To do >> Begin with the line that holds "Pet Life 'Aero" and retype through the last line of the listing below, exactly; pictures are not part of the copy.

Given information >>
== Segment start ==
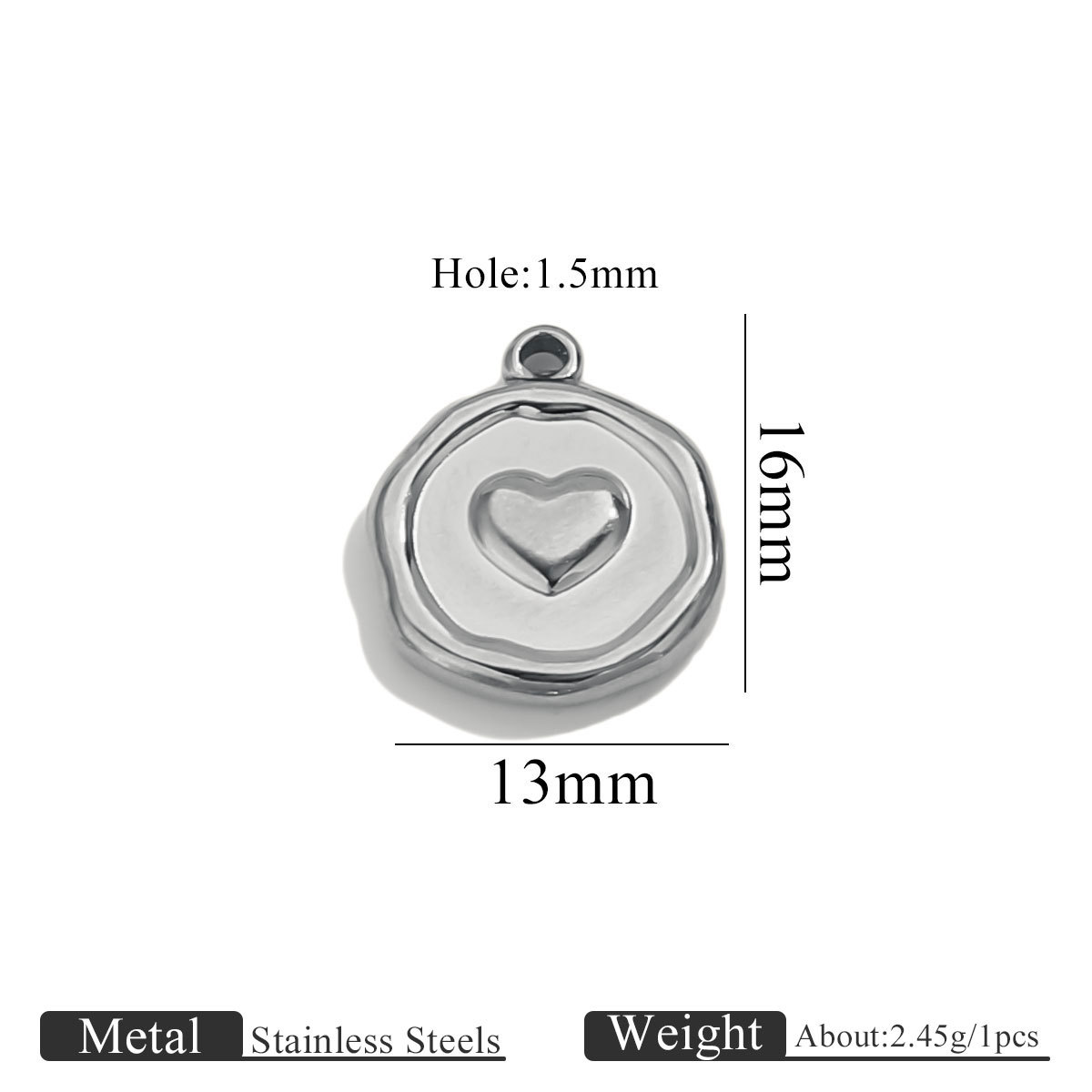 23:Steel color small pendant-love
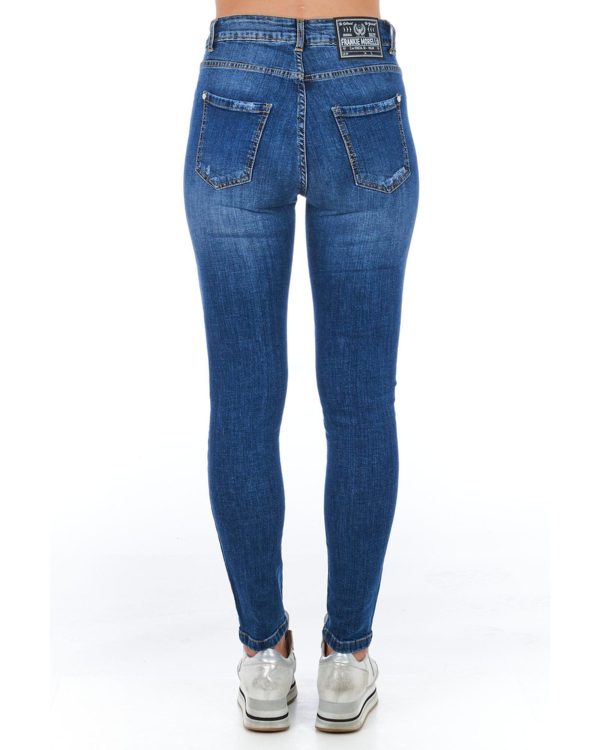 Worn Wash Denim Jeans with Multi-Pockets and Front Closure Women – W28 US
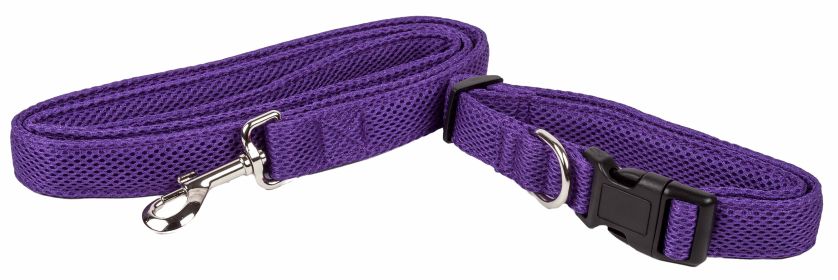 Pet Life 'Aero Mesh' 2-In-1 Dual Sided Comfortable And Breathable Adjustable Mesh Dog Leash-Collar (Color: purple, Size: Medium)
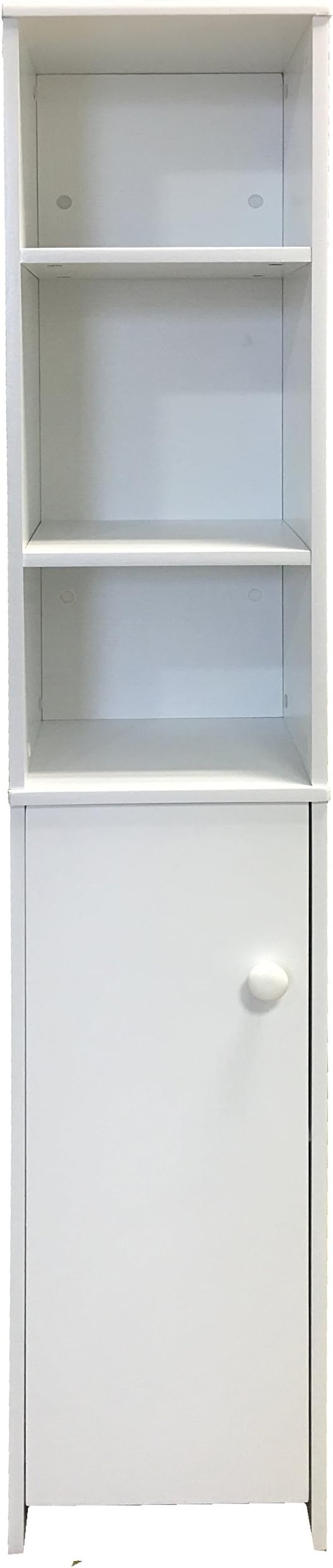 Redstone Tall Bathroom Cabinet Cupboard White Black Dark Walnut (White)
== Segment end ==
Solution >>
 Pet Life 'Aero Mesh' 2-In-1 Dual Sided Comfortable And Breathable Adjustable Mesh Dog Leash-Collar (Color: purple, Size: Medium)
 Redstone Tall Bathroom Cabinet Cupboard White Black Dark Walnut (White)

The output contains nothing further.